Americans pinning their hopes on Middle East peacemaking usually dread regional elections: When Israeli or Palestinian leaders need to act tough for their constituents, progress toward peace usually stops. That would seem to be the case now with both peoples going to elections soon — but some now feel the election season may accelerate the peace process instead of inhibiting it.
Israeli Prime Minister Ariel Sharon, running against the Labor Party’s Amir Peretz, a pronounced dove, is playing to Israel’s center, running on a platform that envisions Palestinian statehood.
Barely a month ago, before Peretz invigorated the Labor Party with his upset primary victory over Shimon Peres, the key showdown in Israeli politics looked like a match between two hawks: Sharon and Benjamin Netanyahu, both vying for a Likud leadership tussle then set for April.
Now Sharon has split from the Likud and set up his own centrist party, Kadima, and general elections are set for March 28. Running against a dove means Sharon is likelier to play to the middle.
The Bush administration has taken the cue, and is dismissing concerns that elections will get in the way of progress.
“Elections happen in democracies all the time,” U.S. State Department spokesman Sean McCormack said last week. “At the working level, the work continues. And that’s what we would expect to happen.”
McCormack made it clear that the administration expects Israel and the Palestinians to maintain momentum from the Rafah accords, brokered earlier this month by Secretary of State Condoleezza Rice, which opened the Gaza Strip to travel and trade for the first time since Israel evacuated the territory in early September.
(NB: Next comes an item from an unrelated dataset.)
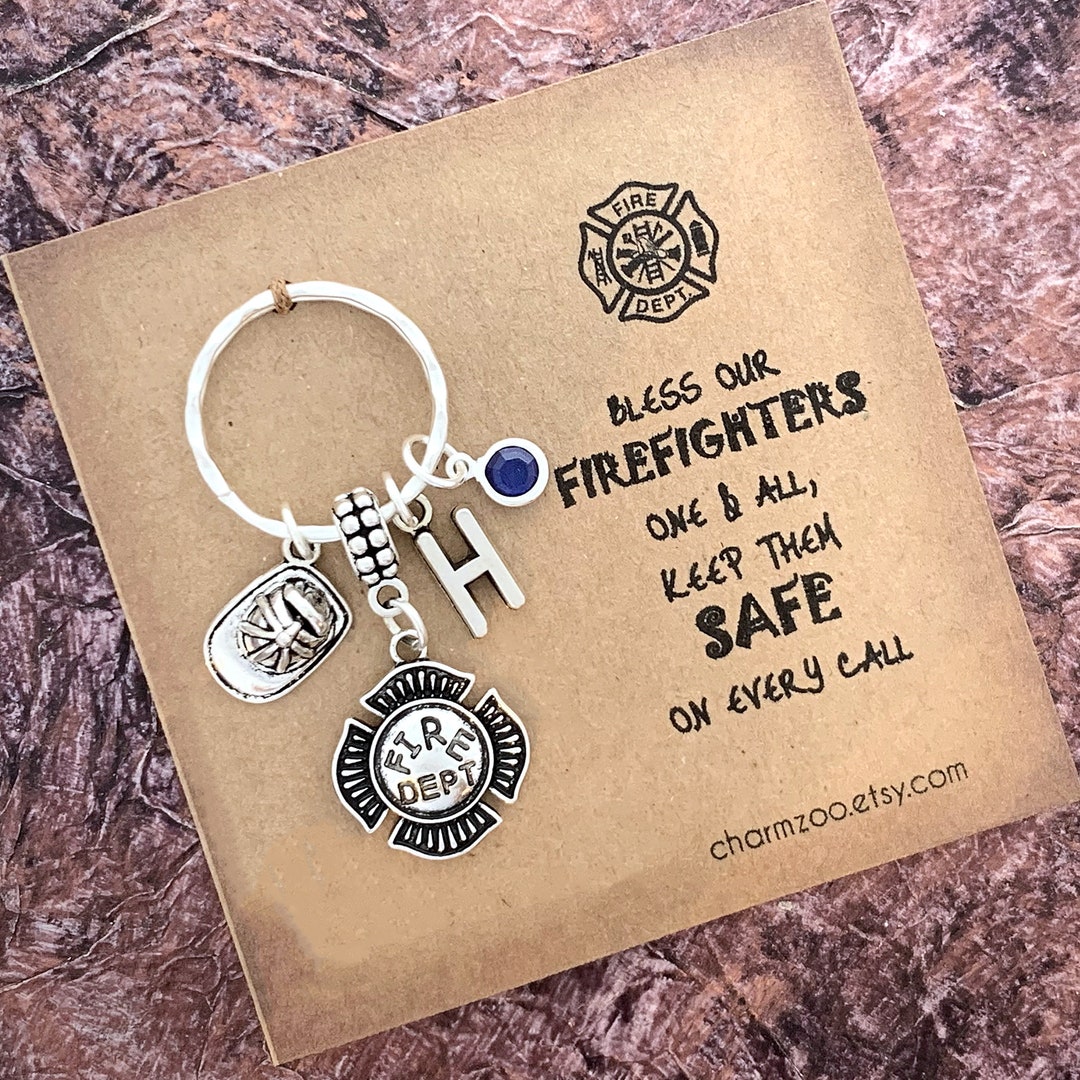 Fireman Keychain, Fire Fighter Initial Key Ring, Fire Department ...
“It’s there in black and white,” McCormack said. “Everybody knows what they agreed to. And it’s really a matter of just implementing the agreement at this point, which is going to require work.”
U.N. Secretary General Kofi Annan echoed that call Tuesday while marking the U.N.’s “International Day of Solidarity with the Palestinian People.”
“The electoral season should not be allowed to prevent the parties from the essential work of building mutual trust and following through with the implementation,” Annan said. The United Nations, the United States, the European Union and Russia constitute the “Quartet,” the group guiding the Middle East peace process.
McCormack specified progress in improving and modernizing transit stations for people and goods at Gaza crossings, targets Israel and the Palestinians have said are within reach.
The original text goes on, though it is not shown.